Les uns et les autres découvrent qu’en servant – ou en ne servant pas – le frère, le pauvre, le malade ou l’étranger, ils servent – ou ne servent pas – le roi lui-même, le roi du jugement dernier. Jésus invite ainsi ses auditeurs à ce renversement surprenant, incroyable : l’autre est l’autre roi… car le roi de l’Univers, qui siège sur le trône de gloire se reconnaît en celui envers qui tu as pratiqué la charité… l’autre « roi » est celui à qui tu as tendu la main, l’autre « roi » est celui que tu as aidé et secouru, l’autre « roi » est celui qui ne porte ni couronne, ni de riches habits, parce qu’il est nu et que tu l’as vêtu, l’autre « roi » est étranger et tu l’as reçu chez toi… Qui pense, en aidant quelqu’un de pauvre et de miséreux, aider le roi ? Personne ! Jésus finalement donne la clé : « Amen, je vous le dis : chaque fois que vous l’avez fait à l’un de ces plus petits de mes frères, c’est à moi que vous l’avez fait. » (Mt 25, 40) et « chaque fois que vous ne l’avez pas fait à l’un de ces plus petits, c’est à moi que vous ne l’avez pas fait. » (Mt 25,45).
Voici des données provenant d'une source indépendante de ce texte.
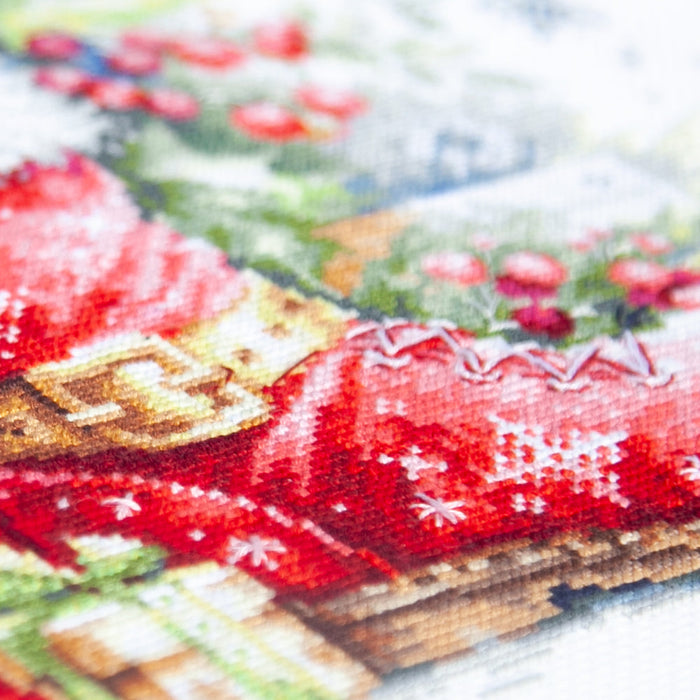 A Cherished Tradition 70-40 Counted Cross-Stitch Kit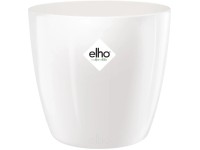 Elho Brussels Diamond kaspó kerek 30 cm fehér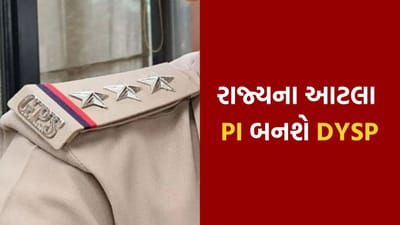 Gujarat Police Promotion : રાજ્યના આટલા PI ને DySP તરીકે અપાશે બઢતી, જુઓ Video
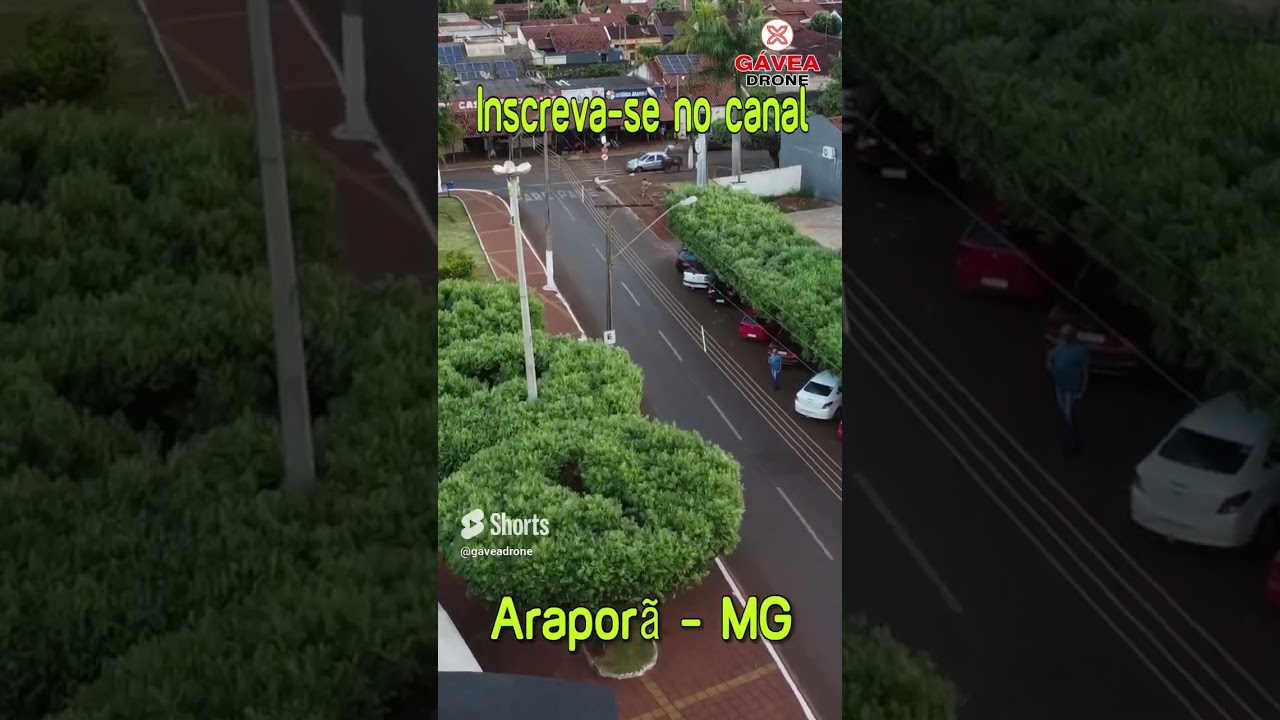 Gávea Drone - Araporã MG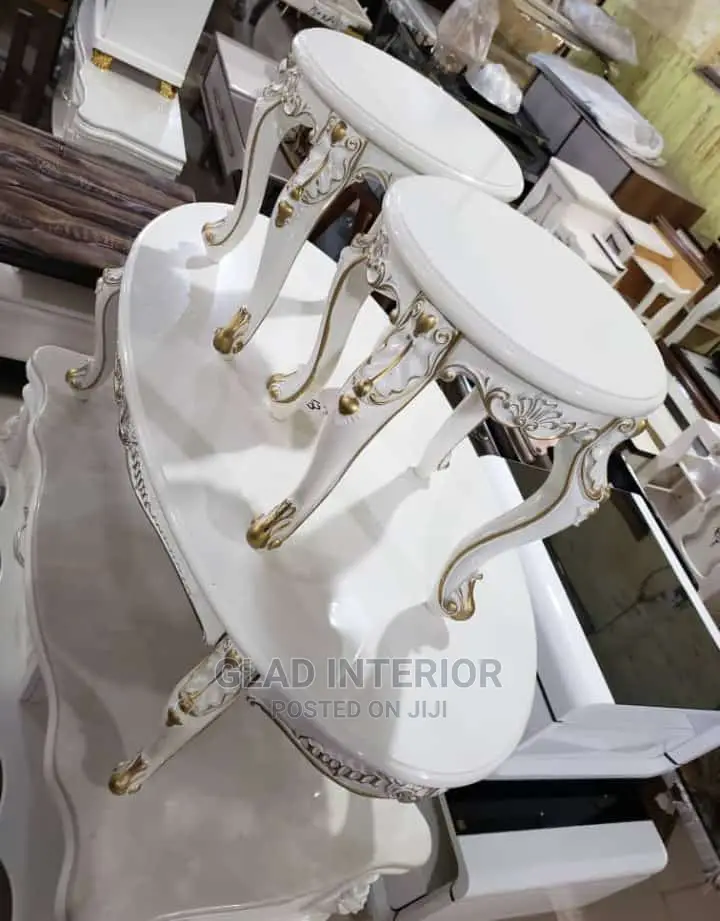 Oval Shape Center Table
Mieux que le roi, c’est Dieu lui-même que nous accueillons quand nous nous tournons vers l’autre. Et voilà la réponse à notre première question : l’Evangile est bien une bonne nouvelle car il nous invite, non pas à chercher Dieu là où il n’est pas, mais à découvrir sa proximité et son amour dans le visage de ceux et celles qui souffrent et sont souvent marginalisés. Dieu nous rejoint – comme dirait le pape François – à la périphérie de nos sociétés. Le trône du Seigneur est une croix et sa couronne est d’épines car il a choisi de rejoindre par le don de sa vie tous ceux et celles qui n’ont plus d’espoir, qui souffrent et sont oubliés. Le Roi de l’univers est assis dans la rue, couché dans les hôpitaux, debout dans les camps de réfugiés, enfermé dans les prisons et, sans doute, à mendier pas bien loin de notre porte.
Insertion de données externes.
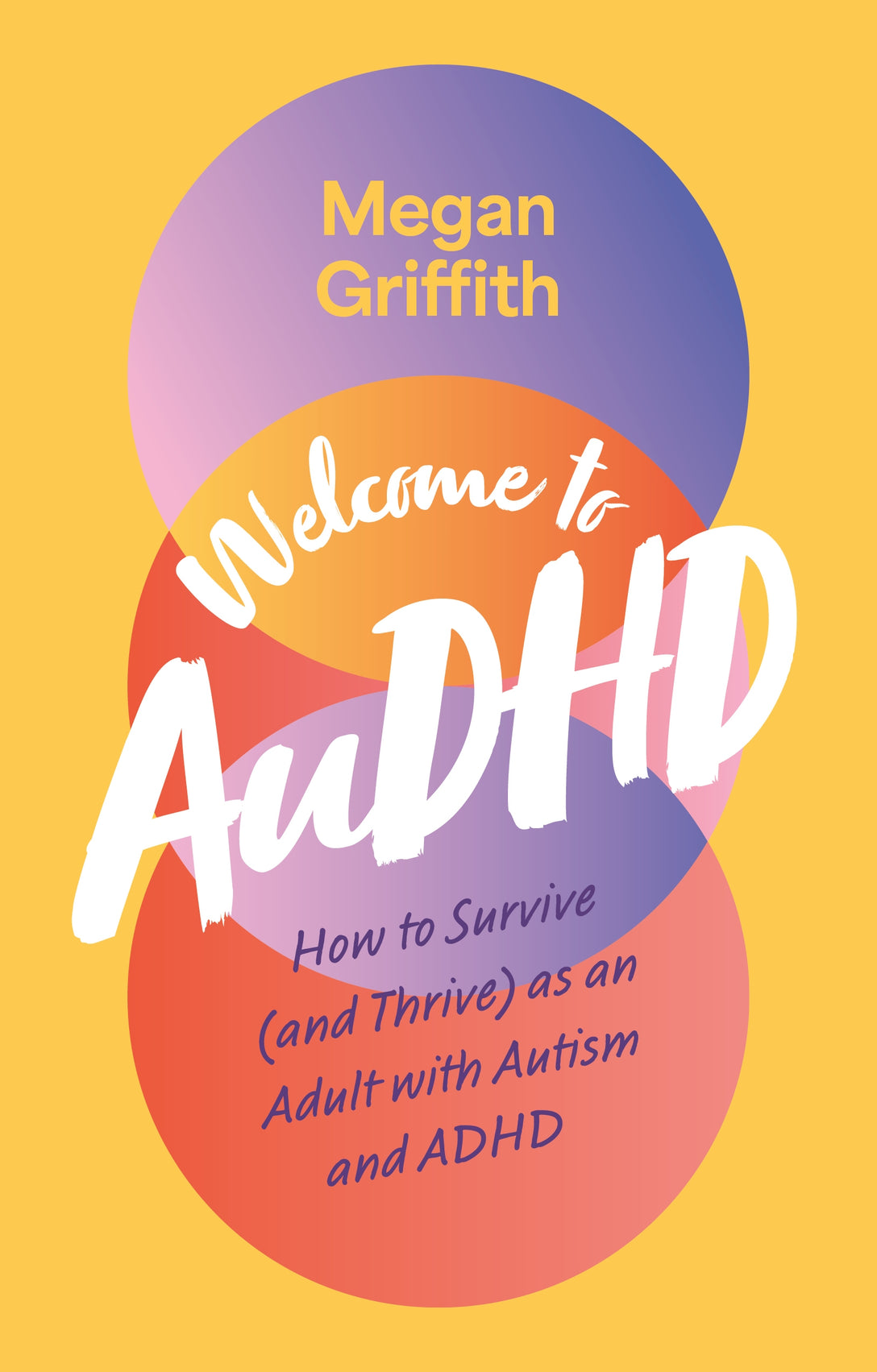Welcome to AuDHD by Megan Griffith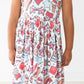 Red, White & BBQ Tank Twirl Dress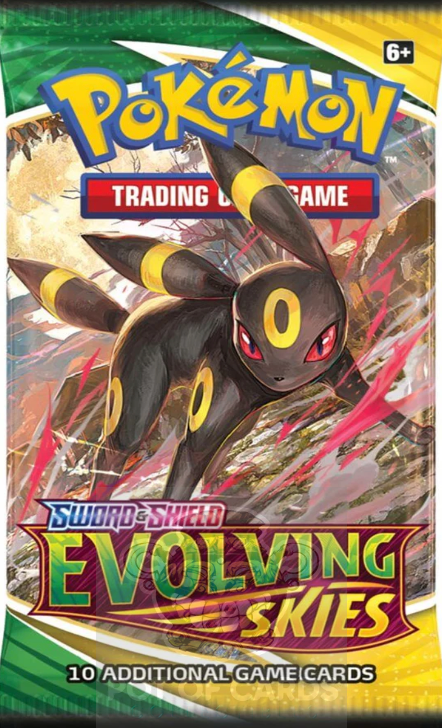 Pokemon - TCG - Evolving Skies Booster Pack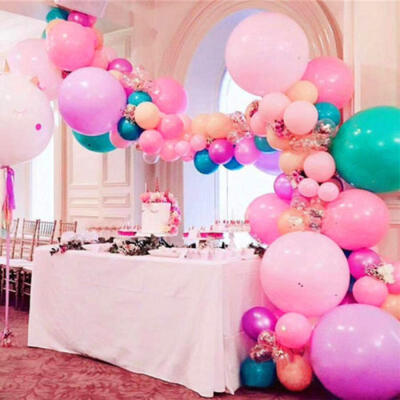 

5M Balloon Strip Connect Chain Balloon Arch Decor Plastic DIY Tape Party Supply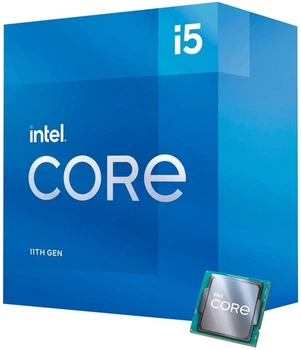 Процесор Intel Core i5-11400 6x4.4GHz LGA1200 14nm BOX (BX8070811400)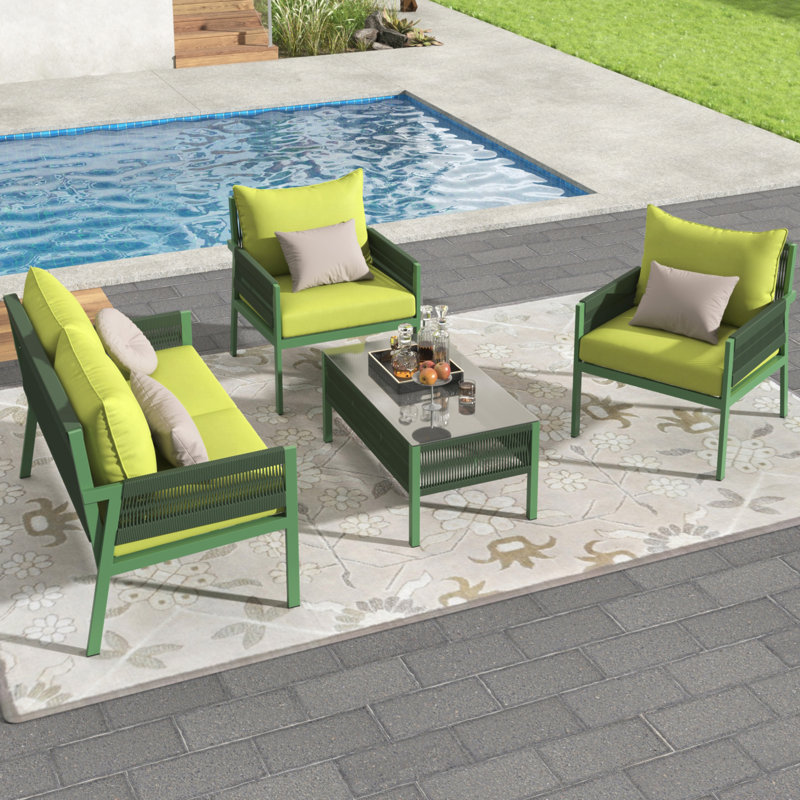 Aldwyche Outdoor, Fluorescent Yellow, Vert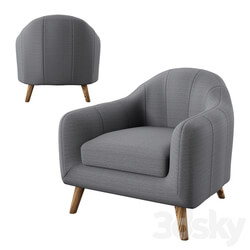 Arm chair - club_chair 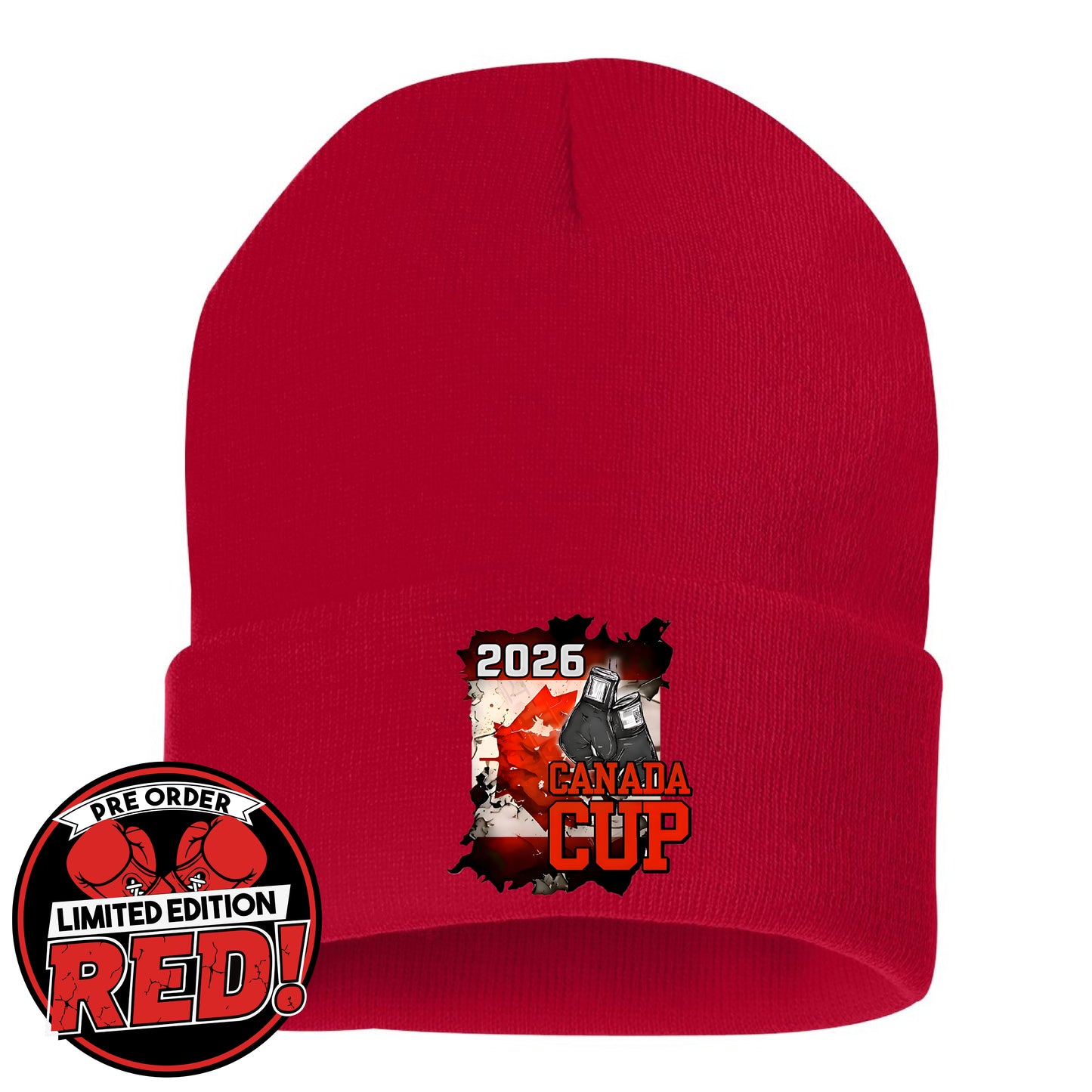 Boxing Canada 2026 Canada Cup Toque - 403 Custom Cuts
Le roi de l’univers n’est pas celui dont notre imagination ferait un portrait à la manière des grands de ce monde.  Ainsi, quand nous fêtons le Christ-Roi de l’Univers, le Fils de Dieu, le Seigneur des morts et des vivants, nous ne pouvons pas oublier, comme le dit si bien saint Paul, que le Christ n’a pas retenu le rang qui l’égalait à Dieu, qu’il s’est anéanti, par amour, jusqu’à la mort en croix, et c’est pour cela que Dieu l’a élevé au-dessus de tout et l’a doté du Nom qui est au-dessus de tout nom (cf. Ph 2, 6-11).

Le Christ ne règne pas seulement à la fin des temps, il règne aujourd’hui ; et le jugement n’est pas prononcé à la fin des temps mais aujourd’hui par notre accueil ou non de l’autre. La force de la parabole, c’est qu’elle rompt avec nos représentations et nous fait joindre ensemble ce que nous séparons facilement. Nous disons souvent : « il y a Dieu et les autres à aimer ; il y a la fin des temps à espérer et il y a le Christ en qui il faut croire. » Mais Jésus, dans la parabole rassemble ce que nous séparons : l’amour de Dieu ne se sépare pas de l’amour du prochain, et la présence du Christ dans le frère nous fait entrer dans l’espérance et fonde notre foi parce qu’il est là comme un Roi, frère de chacun et confondu avec les plus petits d’entre nous.

A notre première question, l’Evangile est-il une bonne nouvelle ? La Parole de Dieu que nous venons d’entendre dans cette parabole nous conforte dans notre foi : oui, l’Evangile annonce à toute personne la proximité de Dieu dans tous les gestes d’amour en faveur de l’autre. Plus encore, l’Evangile invite chacun à découvrir le visage du Christ dans celui du frère, ouvrant le chemin d’une possible fraternité.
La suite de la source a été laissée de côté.